_WORK INSTRUCTIONS_
Print the data that follows word for word, leaving out any picture.

Start of DATA SECTION

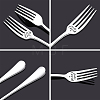 Globleland Word Pattern 304 Stainless Steel Fork AJEW-GL0001-17P-4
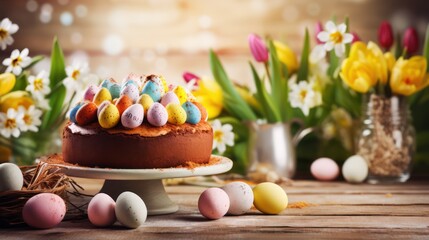 Easter cake along with multi-colored painted eggs. Traditional Easter spring food on wooden background - obrazy, fototapety, plakaty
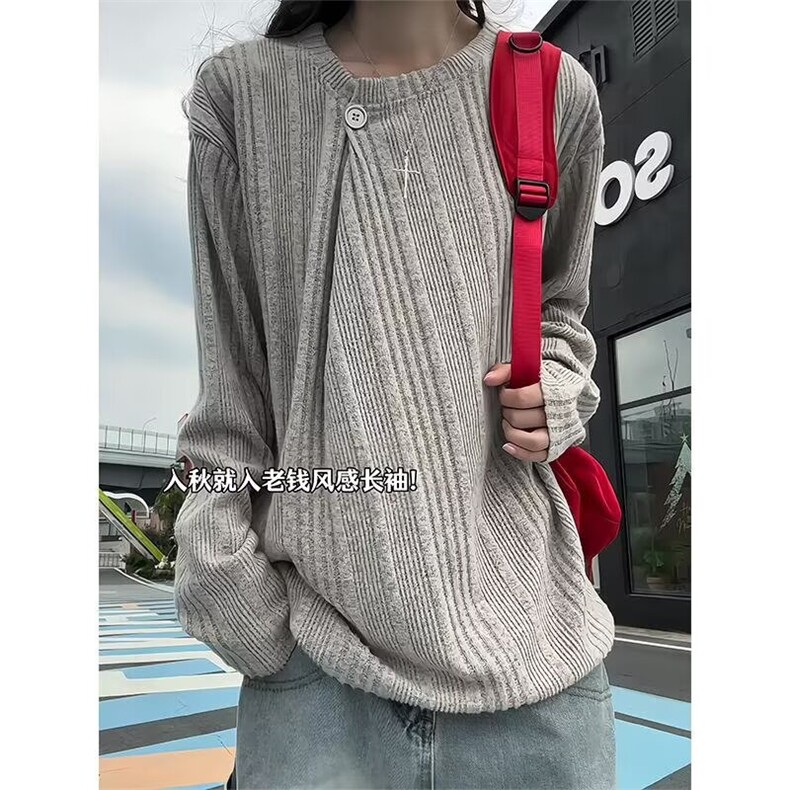 WY44-P382025秋华夫格亨利领长袖T恤男士百搭宽松复古体恤衫，男装T恤，电商B323A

End of DATA SECTION

_FINISHED EXERCISE_
 Globleland Word Pattern 304 Stainless Steel Fork AJEW-GL0001-17P-4
 Easter cake along with multi-colored painted eggs. Traditional Easter spring food on wooden background - obrazy, fototapety, plakaty
 WY44-P382025秋华夫格亨利领长袖T恤男士百搭宽松复古体恤衫，男装T恤，电商B323A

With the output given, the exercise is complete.